In other words, we need to drop the whole ‘back radiation’ nonsense and concentrate on temperature gradients. Follow the HEAT. There is no global extra flux of 333 W/m^2 flowing down from the atmosphere to the surface. This is ‘climate physics’ mumbo jumbo. The only real flux is the 63 W/m^2 going UP.
Willis, in a discussion elsewhere of Leif’s steady-forcing autoconsensus, I attempted a précis of your position about as follows:
(assuming any variance introduced by sol, albedo etc.) The result seems to be that high latitudes are in IceBox or HotHouse bistable states, while parrots and parrotfish carry on unperturbed. An amusing film loop!
How badly and baldly does this overstate, understate, or misstate your case?
Brian H says:
February 23, 2014 at 5:38 am
It’s not bad at all, well done … however, it misses some essentials:
1. The emergent governing mechanisms operate in many places and temporal and spatial scales. It’s not just tropical thunderstorms, although they are the largest player.
2. The apparent ~30°C limit of the tropical oceans is an extreme case. Most places the emergent governing phenomena operate in areas without a clear upper limit.
3. The periodic emergence of the El Nino warm-water pump, which pumps excess heat from the tropics to the poles, is a second major player.
4. The periodic shifting of the bi-stable state of the PDO alternately either impedes or enhances the flow of heat to the poles.
5. I assume that there are further emergent systems operating at the poles, including the “polar vortex” phenomena, which also act to stabilize the temperature away from the tropics … perhaps if I’d lived there for decades instead of in the tropics I’d understand them better …

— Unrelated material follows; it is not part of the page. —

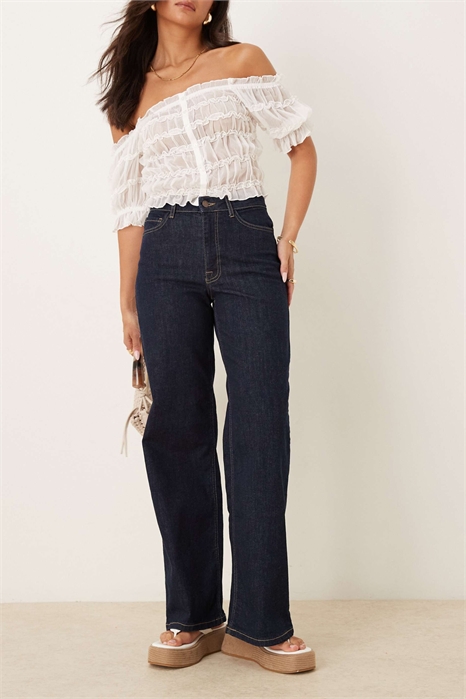 Джинсы с высокой талией и широкими брючинами артикул 143701892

So those are a few things I’d add …
Good question, thanks,
w.
The bistable states I referenced are terms that apply to paleohistory, with tropical summers at the poles at one end (HotHouse, global average ~24°C) or current iced year-round poles at the other (IceBox, GAT ~14°C), with minor variations in the latter that swung us between e.g. the Michigan glaciation and the Holocene interglacial. As Rutan and many others note, CO2 isn’t even reliably correlated with those swings as an effect, much less a cause or “forcing” (that unphysical term the AGW-pushers are dependent on forcing us to accept . “The Forcing is with us!” they fantasize.)